Static method that converts a matrix-like object to a 2D numpy array.

Parameters

m (array_like) – matrix-like object

Returns

numpy array

property chp_str(self)

A string suitable for printing to a CHP input file after probabilistically selecting operation.

Returns

s (str) – String of CHP code

pygsti.modelmembers.operations.linearop.finite_difference_deriv_wrt_params(operation, wrt_filter, eps=1e-07)

Computes a finite-difference Jacobian for a LinearOperator object.

The returned value is a matrix whose columns are the vectorized derivatives of the flattened operation matrix with respect to a single operation parameter, matching the format expected from the operation’s deriv_wrt_params method.

Parameters
  • operation (LinearOperator) – The operation object to compute a Jacobian for.

  • wrt_filter (list or numpy.ndarray) – List of parameter indices to filter the result by (as though derivative is only taken with respect to these parameters).

  • eps (float, optional) – The finite difference step to use.

Returns

numpy.ndarray – An M by N matrix where M is the number of operation elements and N is the number of operation parameters.

pygsti.modelmembers.operations.linearop.finite_difference_hessian_wrt_params(operation, wrt_filter1, wrt_filter2, eps=0.0001)

Computes a finite-difference Hessian for a LinearOperator object.

The returned value is a tensor whose leading dimension corresponds to the elements of the flattened operation matrix, and whose remaining two dimensions correspond to derivatives with respect to the operations parameters (potentially filtered).
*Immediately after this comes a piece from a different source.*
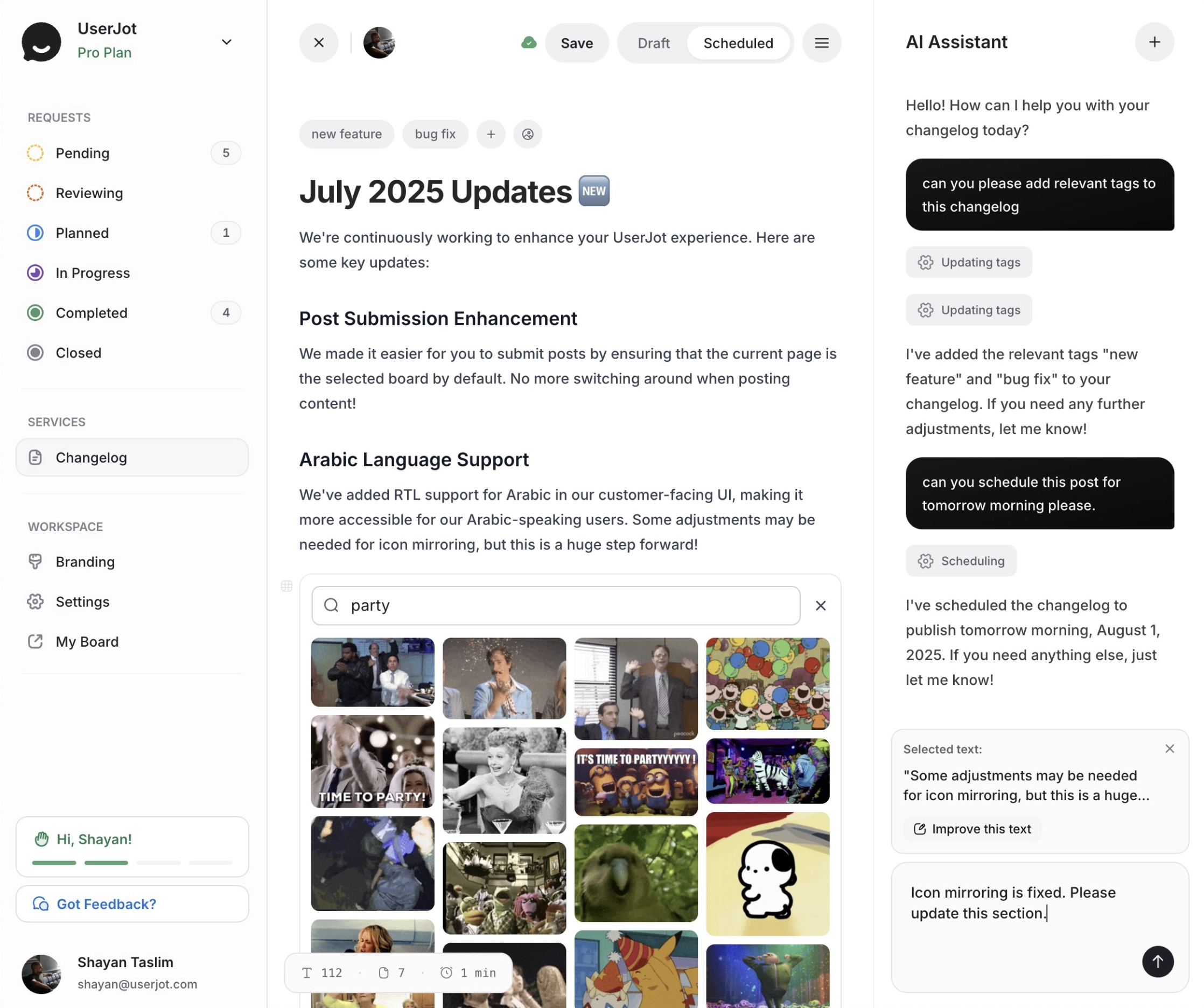 Changelog Tool Dashboard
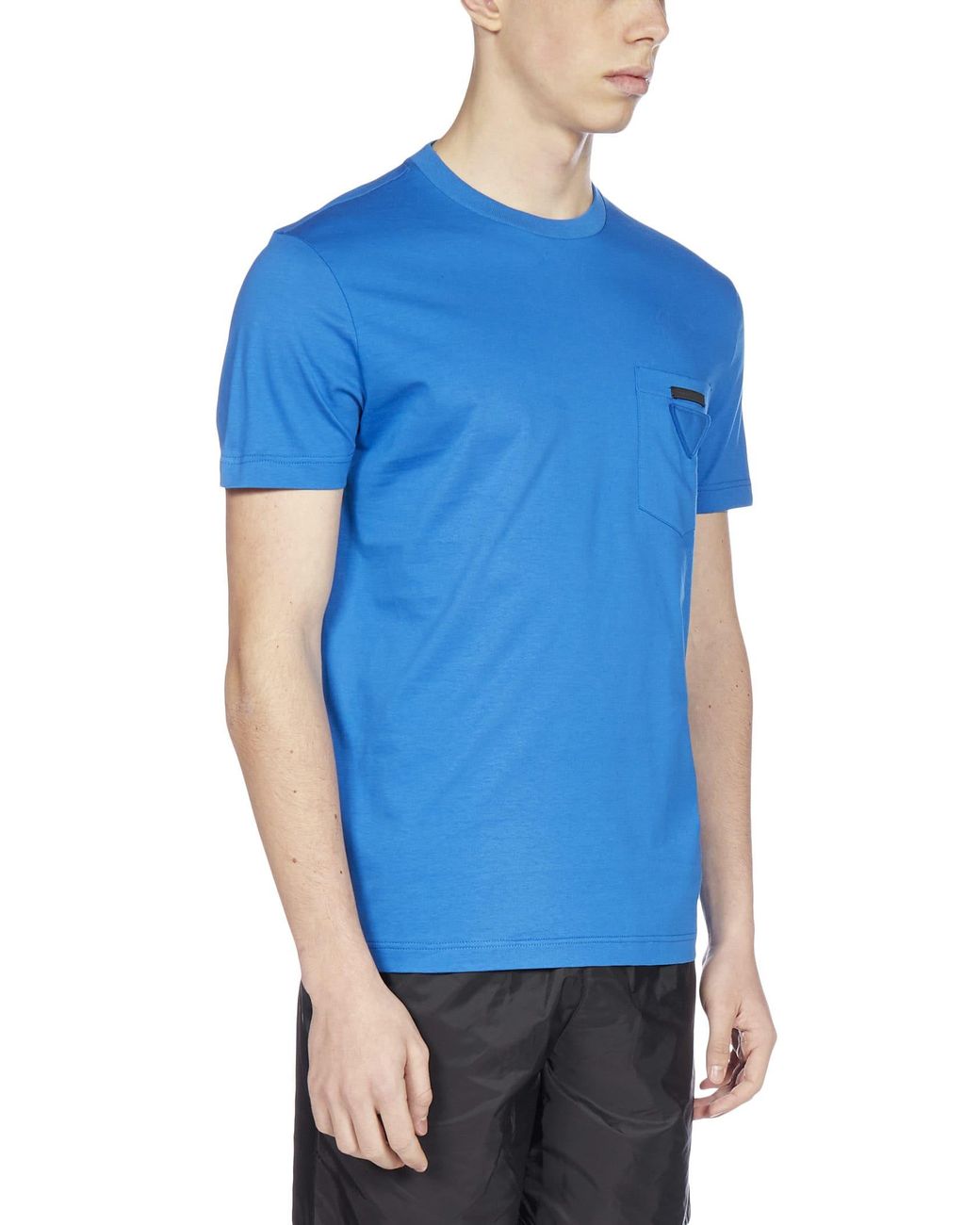 Tシャツ・カットソー PRADA LIGHT BLUE COTTON T-SHIRT WITH WEAR Prada Light blue cotton T-shirt with wear | TheDoubleF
This matches the format expected from the operation’s hessian_wrt_params method.

Parameters
  • operation (LinearOperator) – The operation object to compute a Hessian for.

  • wrt_filter1 (list or numpy.ndarray) – List of parameter indices to filter the result by (as though the 1st derivative is only taken with respect to these parameters).

  • wrt_filter2 (list or numpy.ndarray) – List of parameter indices to filter the result by (as though the 2nd derivative is only taken with respect to these parameters).

  • eps (float, optional) – The finite difference step to use.

Returns

numpy.ndarray – An M by N1 by N2 tensor where M is the number of operation elements and N1 and N2 are numbers of operation parameters.